Exercise =
In the listing, locate the line containing "DAIKIN/大金中央空調(diào)4", then quote it and all following lines exactly. Omit pictures.

Records to process =
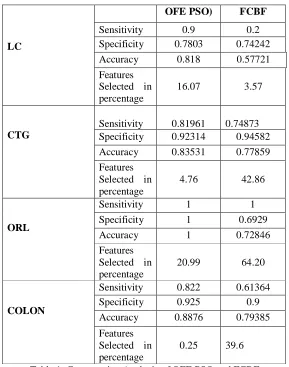 Table 1. Comparative Analysis of OFE PSO and FCBF 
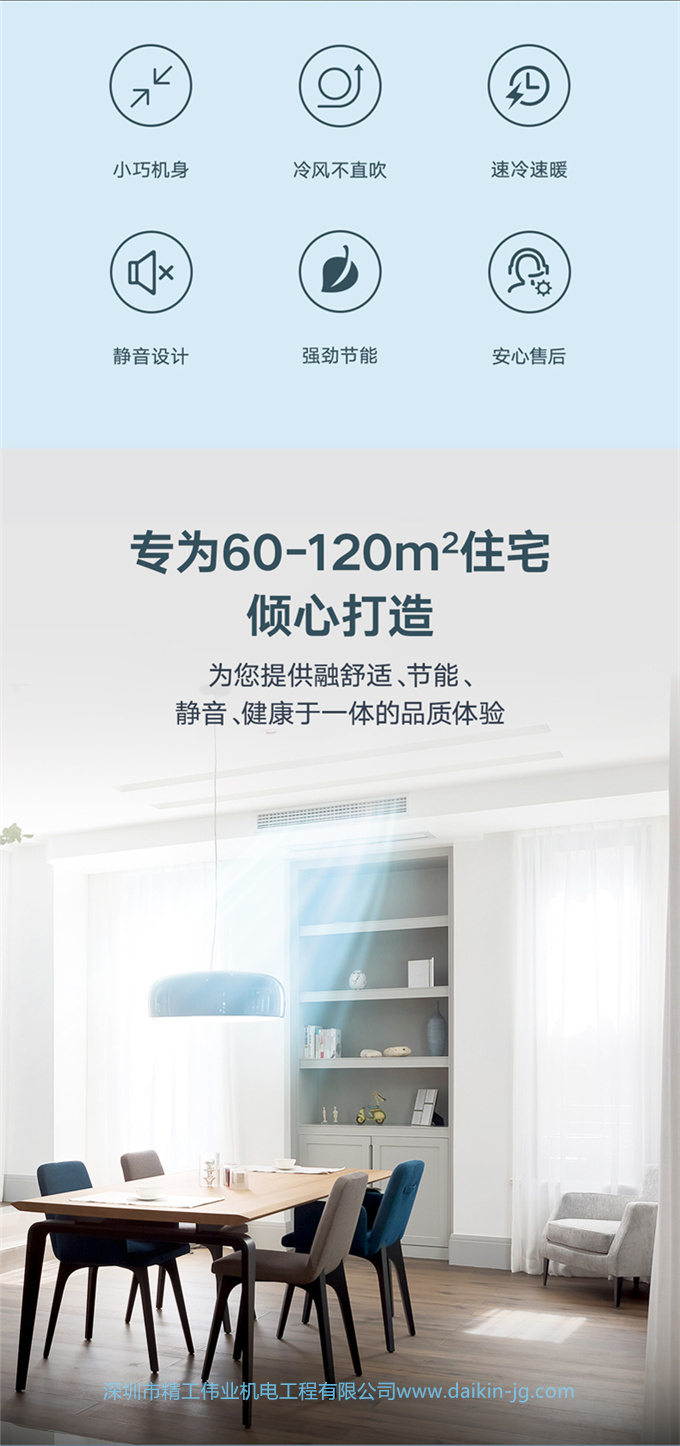 DAIKIN/大金中央空調(diào)4匹一拖三 隱藏式家用變頻VRV-B空調(diào)機(jī)3D氣流(圖4)
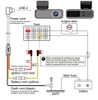 Camera giám sát hành trình, Cam hành trình độ phân giải 2K - Q6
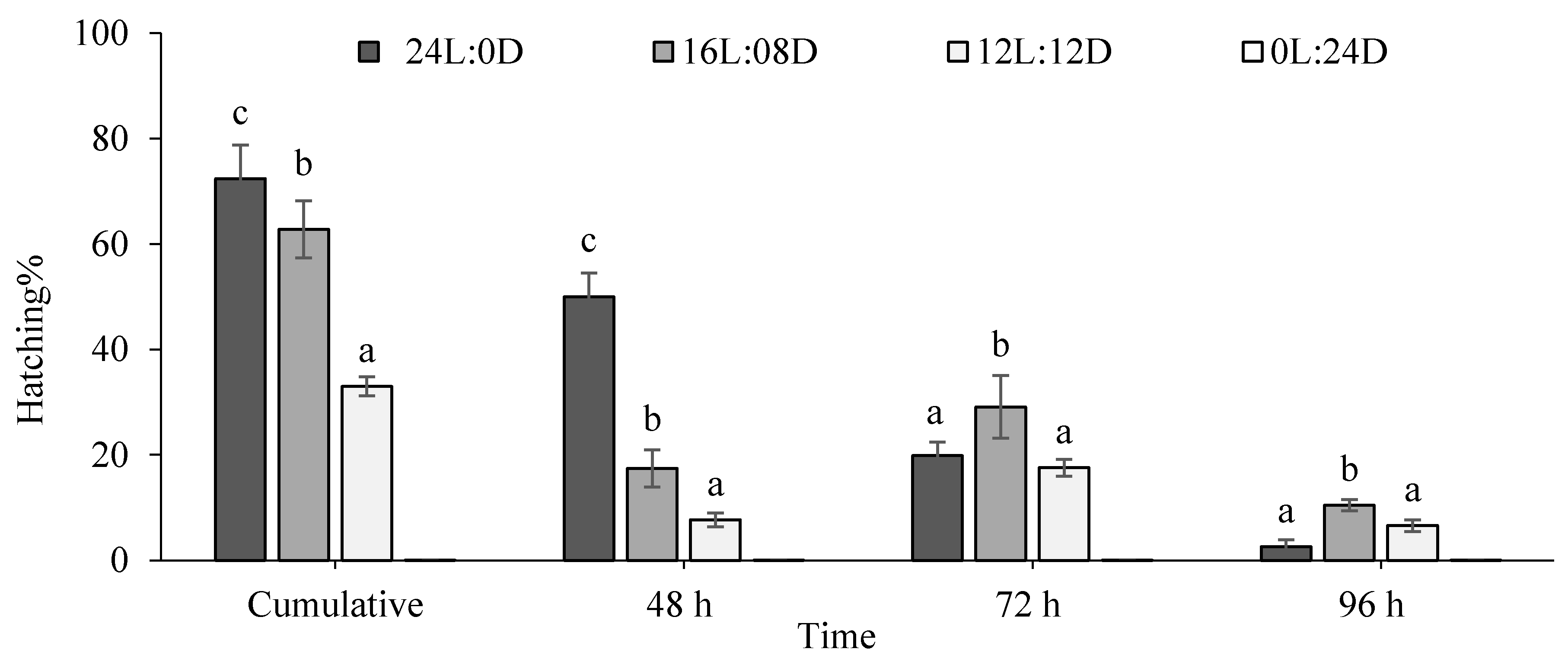 Biology 10 00695 g001 Biology 10 00695 g001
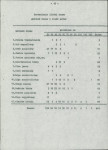 EP - Ewidencja parkowa, skan nr 17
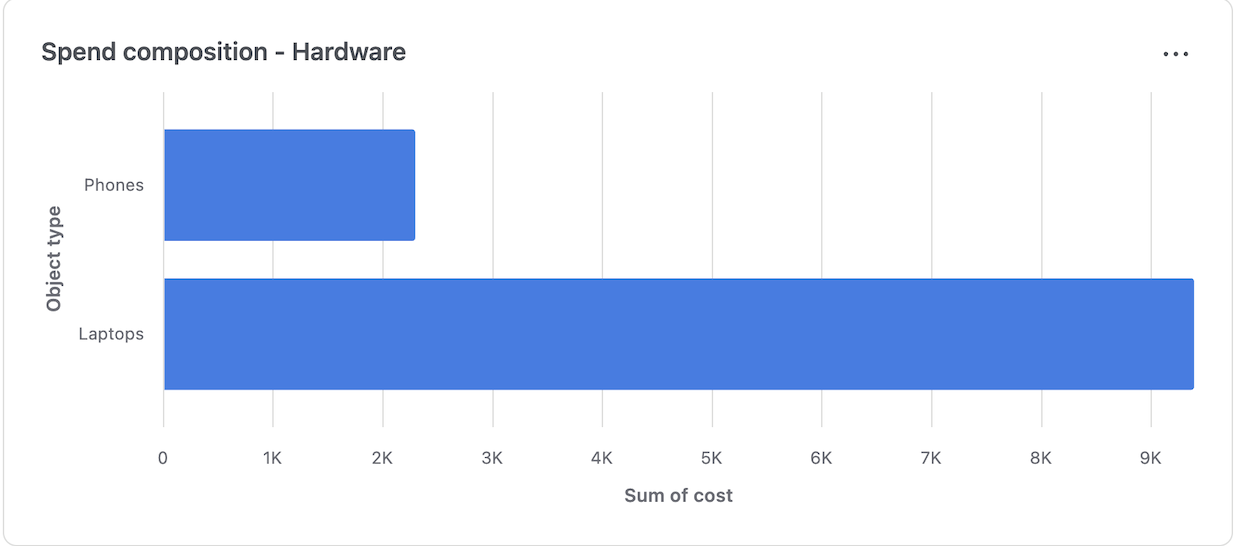 A bar chart to visualise hardware expenditure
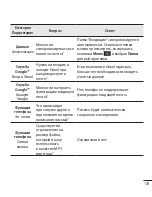 Preview for 141 page of LG LG-D958 User Manual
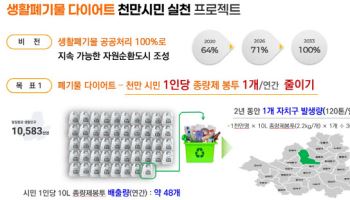 수도권 직매립금지 부작용 속출…중앙·지방정부 쓰레기 줄이기 본격화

Response to the exercise =
 DAIKIN/大金中央空調(diào)4匹一拖三 隱藏式家用變頻VRV-B空調(diào)機(jī)3D氣流(圖4)
 Camera giám sát hành trình, Cam hành trình độ phân giải 2K - Q6
 Biology 10 00695 g001 Biology 10 00695 g001
 EP - Ewidencja parkowa, skan nr 17
 A bar chart to visualise hardware expenditure
 Preview for 141 page of LG LG-D958 User Manual
 수도권 직매립금지 부작용 속출…중앙·지방정부 쓰레기 줄이기 본격화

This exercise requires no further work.